■ THE PROBLEM ■
Where an entry below contains an image, skip the image and reproduce the rest exactly.

-*-*-

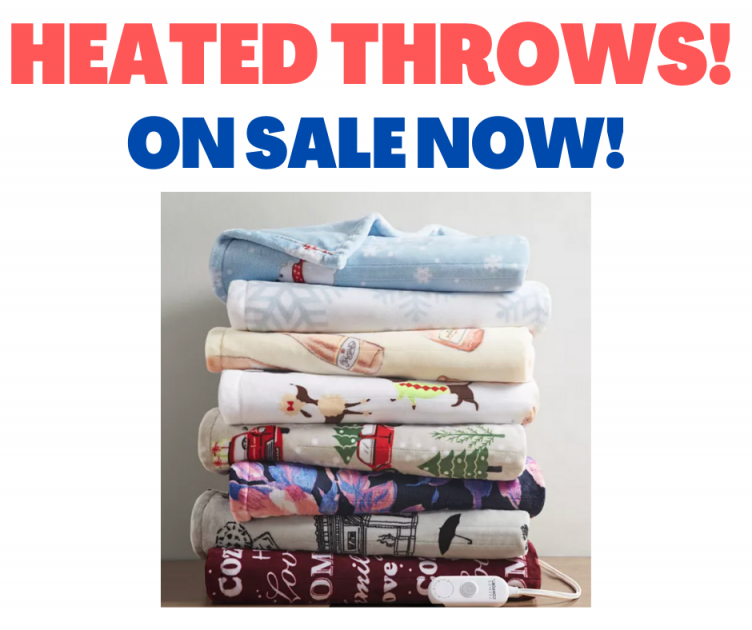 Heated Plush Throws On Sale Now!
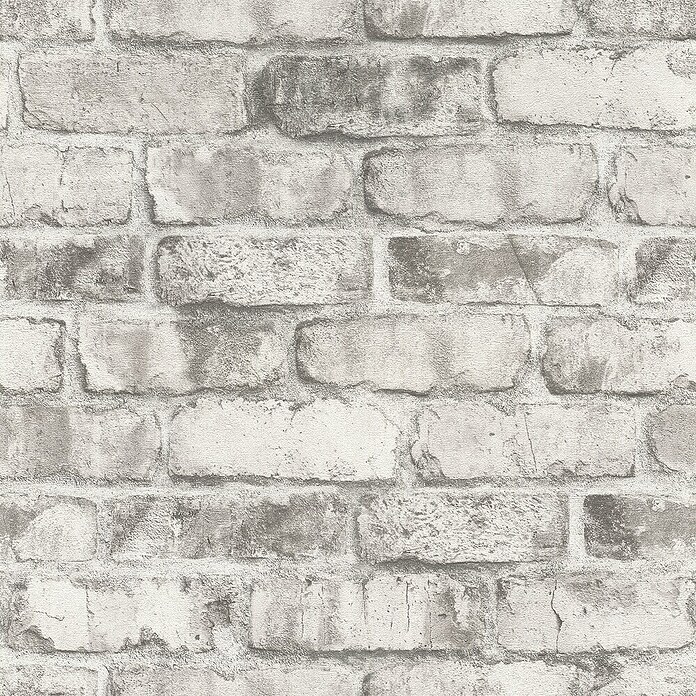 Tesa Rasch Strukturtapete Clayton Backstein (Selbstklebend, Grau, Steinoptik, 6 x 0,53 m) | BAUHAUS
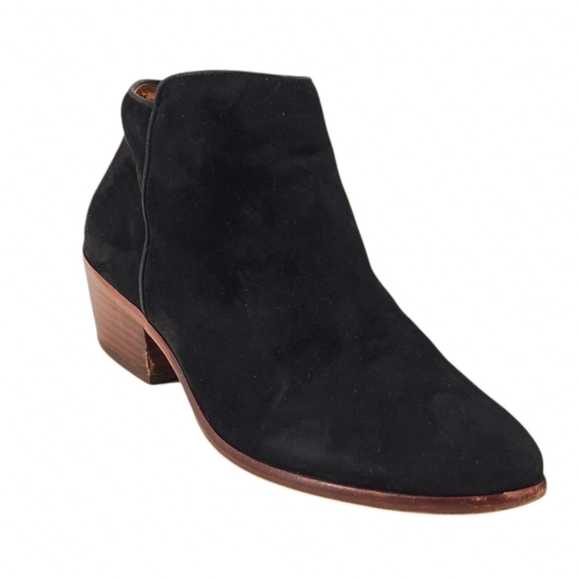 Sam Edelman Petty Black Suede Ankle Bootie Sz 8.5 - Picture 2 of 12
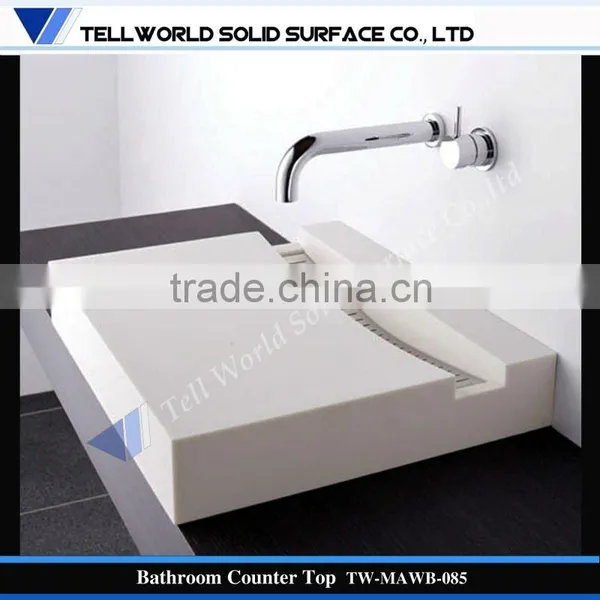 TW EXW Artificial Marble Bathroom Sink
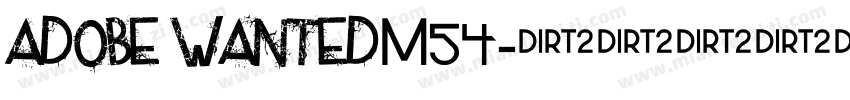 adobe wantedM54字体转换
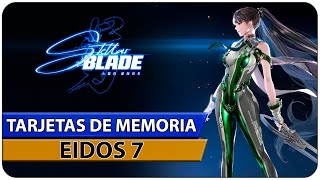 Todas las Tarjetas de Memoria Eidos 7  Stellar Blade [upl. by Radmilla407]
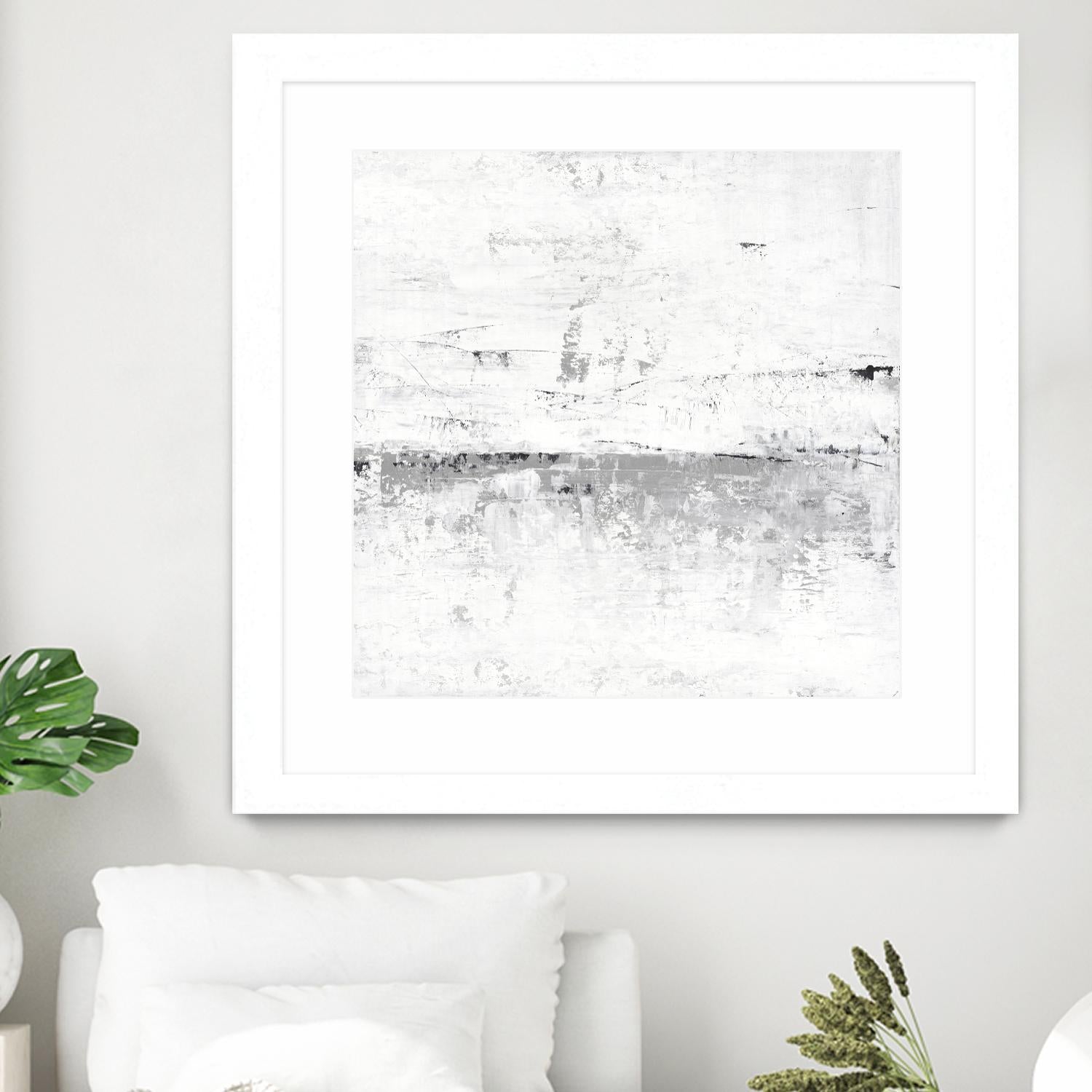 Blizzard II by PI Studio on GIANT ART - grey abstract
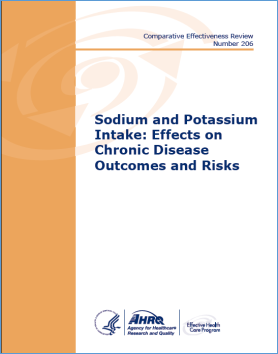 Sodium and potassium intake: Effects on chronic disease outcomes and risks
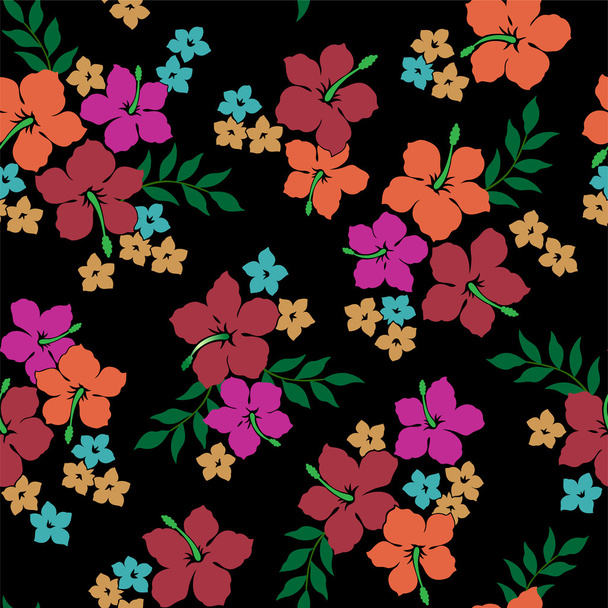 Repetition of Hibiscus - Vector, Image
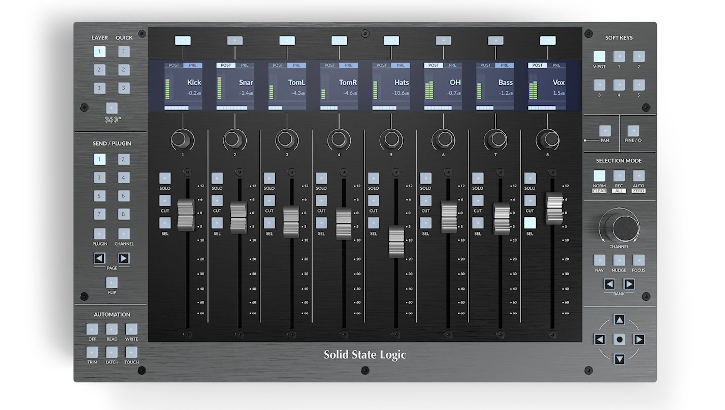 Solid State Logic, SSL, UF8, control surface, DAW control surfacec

-*-*-

■ OUTPUT OF THE EXERCISE ■
 Heated Plush Throws On Sale Now!
 Tesa Rasch Strukturtapete Clayton Backstein (Selbstklebend, Grau, Steinoptik, 6 x 0,53 m) | BAUHAUS
 Sam Edelman Petty Black Suede Ankle Bootie Sz 8.5 - Picture 2 of 12
 TW EXW Artificial Marble Bathroom Sink
 adobe wantedM54字体转换
 Todas las Tarjetas de Memoria Eidos 7  Stellar Blade [upl. by Radmilla407]
 Blizzard II by PI Studio on GIANT ART - grey abstract
 Sodium and potassium intake: Effects on chronic disease outcomes and risks
 Repetition of Hibiscus - Vector, Image
 Solid State Logic, SSL, UF8, control surface, DAW control surfacec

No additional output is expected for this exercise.